Il n'y a pas UN guide, il y a DES guides. Parce que chacun est unique, singulier. Pour autant, nous sommes UNE profession. Fragile et précaire mais passionnante. Difficile et épuisante mais épanouissante. Ce sont trop souvent nos difficultés seules qui nous unissent dans un élan que l'on voudrait solidaire pour défendre nos droits. L'union fait la force, dit-on. Mais l'union des guides n'existe que par à-coup, lorsqu'un problème se présente. Là, parfois, rarement en fait, un esprit collectif se fait jour. Mais la solidarité se retrouve vite confrontée aux limites imposées par les intérêts particuliers de chacun. Ressortent alors les vieilles rancoeurs, les corporatismes d'un autre âge et l'attachement à quelques rares (pseudo-)privilèges ou à un certain confort dont le ridicule le dispute à l'obsolescence et qui ont vite fait de noyer l'embryon de mouvement collectif sous une chape de découragement pour les uns et d'auto-satisfaction pour les autres. Il en est ainsi lorsque certains préfèrent l'immobilisme à l'action.
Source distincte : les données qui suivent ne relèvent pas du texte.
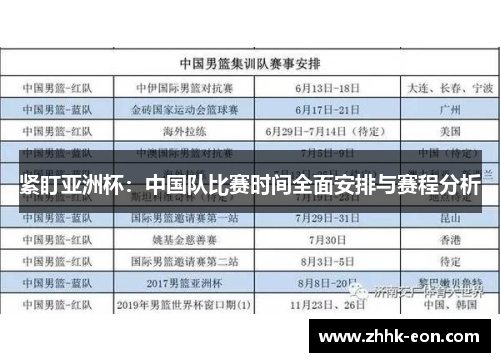 紧盯亚洲杯:中国队比赛时间全面安排与赛程分析 紧盯亚洲杯:中国队比赛时间全面安排与赛程分析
Seul un mouvement collectif qui n'a pour intérêt qu'une solidarité gratuite entre tous ses membres faisant fi des intérêts particuliers a une chance d'être porteur de changement pour notre profession. Changer pour ne pas y perdre. Agir ensemble pour ne pas se perdre soi. Les menaces sont partout et le risque est latent de perdre les derniers des droits qui protègent notre activité. Le train des réformes est en marche et son avancée est inéluctable. Nous pouvons choisir de ne rien faire, de nous recroqueviller sur notre auto-apitoiement en laissant nos oeillères ne nous montrer que ce que nous perdons.
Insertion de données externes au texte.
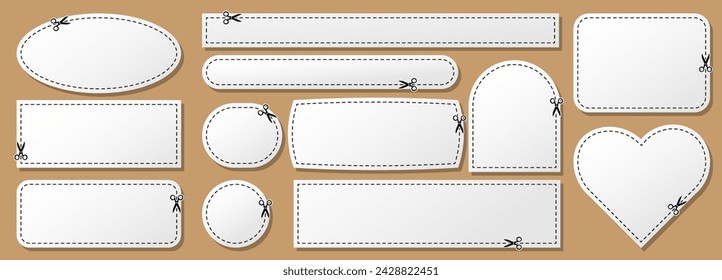 Cut here set 12 shapes, cut dash line. Form for coupon, promotions, promo, subscription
Nous pouvons aussi choisir de regarder vers l'avenir, d'accompagner cette avancée, de soutenir des propositions, de nous battre collectivement. Pas pour sauver ce qu'il reste à sauver mais pour créer une profession à notre image, dont nous puissions être tous fiers. Pas pour alerter le monde sur une espèce professionnelle en voie de disparition mais pour montrer à quel point le guide est indispensable à l'activité touristique et culturelle de notre pays et qu'à ce titre, sa valeur doit être reconnue.
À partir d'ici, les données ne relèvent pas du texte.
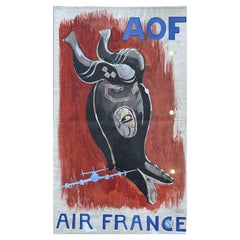 Vintage Poster Project for Air France, Watercolor on Paper by Paul Colin, France, 1950's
Rien ne dit que nous gagnerons.
Rien ne dit que nous perdrons.
Mais même si nous perdons, au moins aurons-nous la satisfaction d'avoir essayé. Et peut-être aurons-nous appris à travailler ensemble... Mais pour y parvenir, nous devons faire tomber les barrières qui nous cloisonnent et ne regarder que vers l'avenir.
Tel est, en tous cas, mon point de vue personnel et le sens de mon engagement dans les réflexions et les travaux, passés et à venir, conduisant à nous assurer à tous, je l'espère, de meilleures conditions de travail et donc, de vie.